L2/13-050

re: Fixes to UAX#31, UTS#39

from: Mark Davis

date: 2013-03-26

Here are a few fixes that are needed, resulting from an investigation of a report of problems from Mozilla (Firefox).

1. We removed colon ( : ) from MidLetter in #29:

http://www.unicode.org/reports/tr29/proposed.html#Table_Word_Break_Property_Values

However, the reason that it is in the inclusion table in #31 is  is because it was in MidLetter. So we should remove it from that table in #31 as well.

That is, remove “003A (:) COLON” from:

http://www.unicode.org/reports/tr31/proposed.html#Table_Candidate_Characters_for_Inclusion_in_Identifiers 

2. Being in that table in #31 is the basis for the ‘inclusion’ value in #39:

http://www.unicode.org/reports/tr39/index.html#Identifier_Modification_Key 

However, the data in http://www.unicode.org/Public/security/revision-05/xidmodifications.txt is not aligned with the values in #31. In particular, the KATAKANA MIDDLE DOT is missing, which is part of IDNA2008.

 30FB; CONTEXTO   # KATAKANA MIDDLE DOT

That is, add the following lines to xidmodification (and remove the corresponding entries from the other values):

0027 ; allowed ; inclusion # ( ' ) APOSTROPHE

058A ; allowed ; inclusion # ( ֊ ) ARMENIAN HYPHEN

2010 ; allowed ; inclusion #  ( ‐ ) HYPHEN

2027 ; allowed ; inclusion #  ( ‧ ) HYPHENATION POINT

30A0 ; allowed ; inclusion #  ( ゠ ) KATAKANA-HIRAGANA...

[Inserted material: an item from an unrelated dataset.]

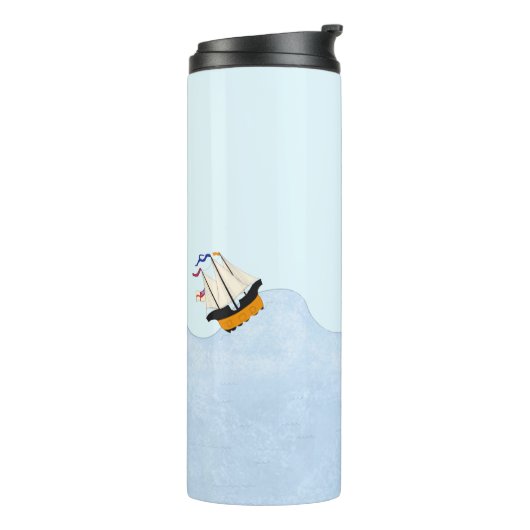 Drei Schiffe, die auf dem Schiff fahren Thermosbecher (Nach links gedreht)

30FB ; allowed ; inclusion #  ( ・ ) KATAKANA MIDDLE DOT

However, we should also add text that makes it clear that:

Target applications may need to filter these characters. In particular, IDNs have specific requirements on characters that would exclude some of this; some other characters may be restricted on confusability grounds, notably hyphen.

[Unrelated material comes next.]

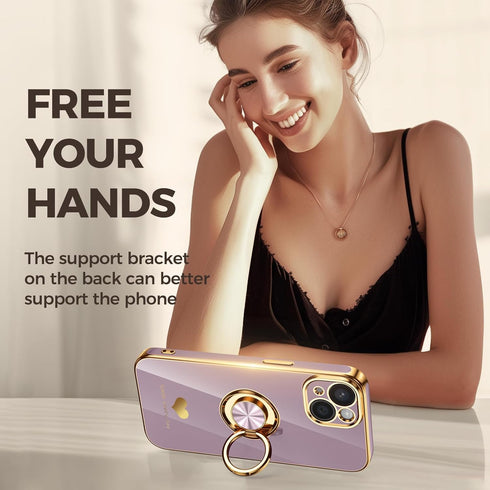 Nonional 13 2 Pack 360 13 Compatible for iPhone Case with Screen Protector, Rotatable Ring Holder [Luxury Hearts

3. There are 4 other characters that are in IDNA2008, but not in the inclusion list.

3007; PVALID     # IDEOGRAPHIC NUMBER ZERO

Of these, U+3007 is already in the recommended list (it is in XID_Continue). The three others are listed below.

06FD; PVALID     # ARABIC SIGN SINDHI AMPERSAND

06FE; PVALID     # ARABIC SIGN SINDHI POSTPOSITION MEN

0375; CONTEXTO   # GREEK LOWER NUMERAL SIGN (KERAIA)

These are allowed in #46, but not in #39, because they are no XID_Continue (they are General_Category=Other_Symbol and General_Category=Modifier_Symbol). These are bizarre additions to IDNA2008, but for consistency I propose that we broaden the definition of the ‘inclusion’ value in #39 to add these three characters, and document the reason: that it is for compatibility with IDNA2008 and consistency with #46. That would mean adding to the data file as:

06FD ; allowed ; inclusion # ARABIC SIGN SINDHI AMPERSAND

06FE ; allowed ; inclusion # ARABIC SIGN SINDHI POSTPOSI...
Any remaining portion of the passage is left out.